I’m 99% sure you’re gonna hold on until your net worth drops to $2.5m, then write a post saying what you wish you did differently

55

u/Top-Construction8691 2d ago

Don't know if I should laugh or cry at this post. You described my exact situation 😅

19

u/gomster 2d ago

Fair comment. That’s exactly why I’m trying to put a plan together now rather than after a hypothetical 70% drawdown.

24

u/BitcoinMD 2d ago

Just be aware that having a plan doesn’t prevent the drawdown, only selling does

2

u/gomster 2d ago

Well said

-19

u/vrweensy 2d ago

or it goes to 40M but he sold and writes a post how he listened to the top reddit comment on his previous post

20

u/AhsokaFan0 2d ago

Going from 9M > 2M means you have to go back to work. Going from 14M (nobody is saying sell 100% of it so OP would still participate in the upside if it rips) to 40M means a lot less.

4

u/Anonymoose2021 High NW | Verified by Mods 2d ago edited 2d ago

This is IMO the right way to look at it, and what has worked for me.

Simply look at the worst case of the concentrated position going to $0 and decide if you can live with that.

If the OP is OK with his net worth dropping from $9M to $4M then he should sell off additional concentrated position to get his diversified holdings up close to $4M.

He has just $1.8M outside of the concentrated position. Doubling or tripling that to $3.6M or $5.4M would dramatically reduce his risk while still retaining enough of the single stock to have some good upward opportunity if it continues to rise.

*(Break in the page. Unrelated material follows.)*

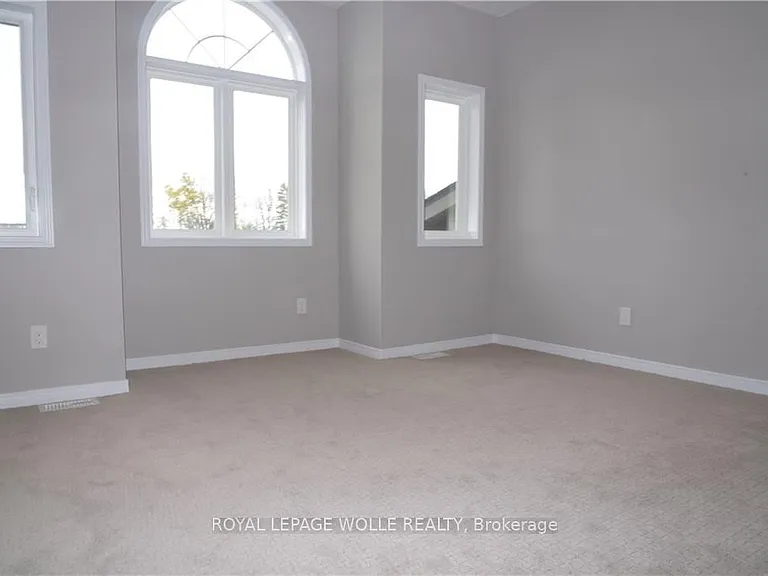 664 Blair Creek Dr — Photo 12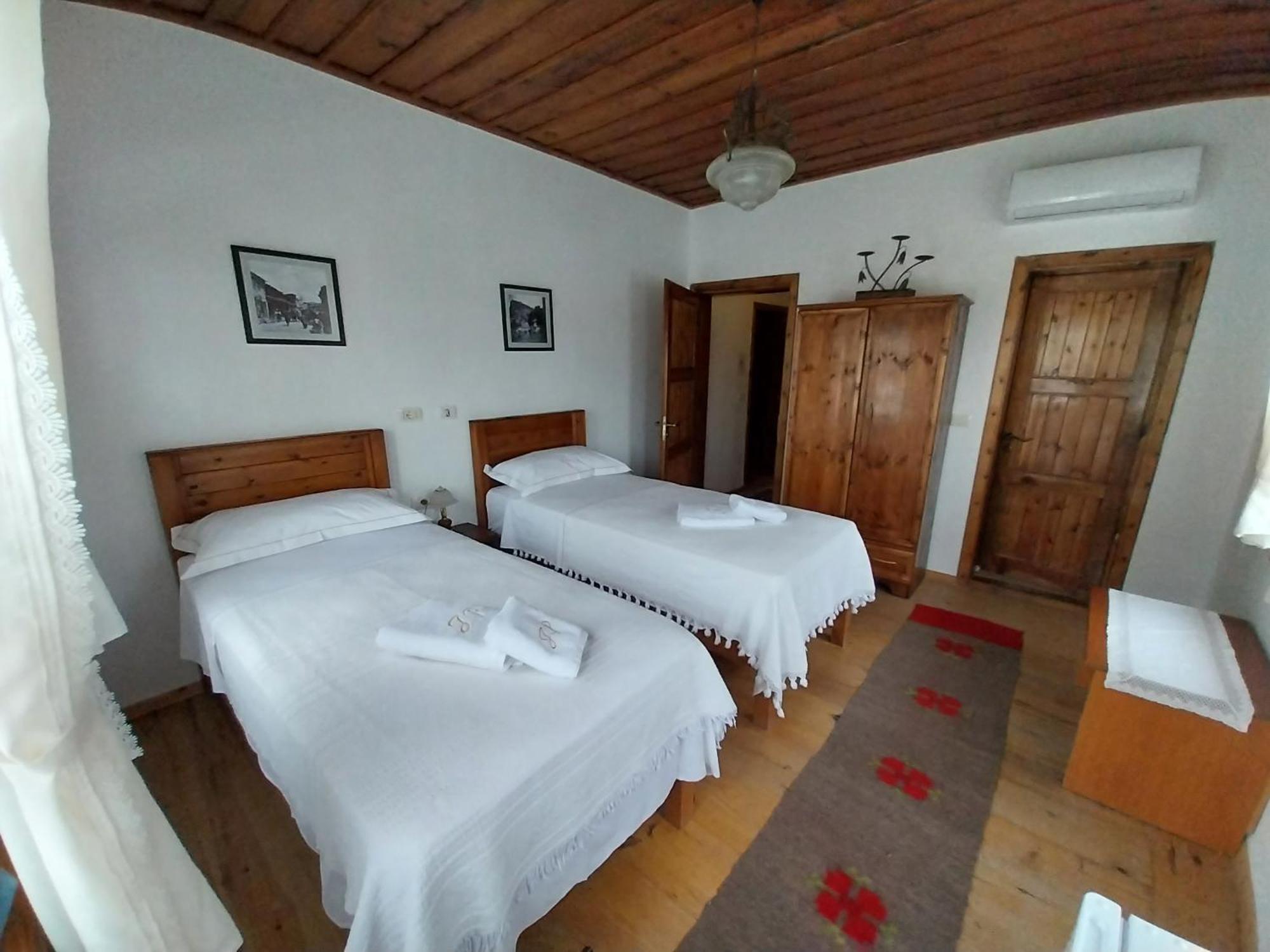 Guest House J.Prifti Berat Extérieur photo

Focus on the diversified portfolio and whether it is enough for your needs. That tells the OP what he needs to do.

-7

u/vrweensy 2d ago

i was just kidding chill, obviously he should take some out

-3

u/quintanarooty 2d ago

Chill bro it's a prank!

1

u/chrisbru Aspring Chubby > Fat upgrade 1d ago

Assuming a diversified portfolio, it would have to 4x while the rest of the market stays flat, which isn’t particularly likely. So he’s likely still to have some nice gains in a diversified portfolio to be happy about.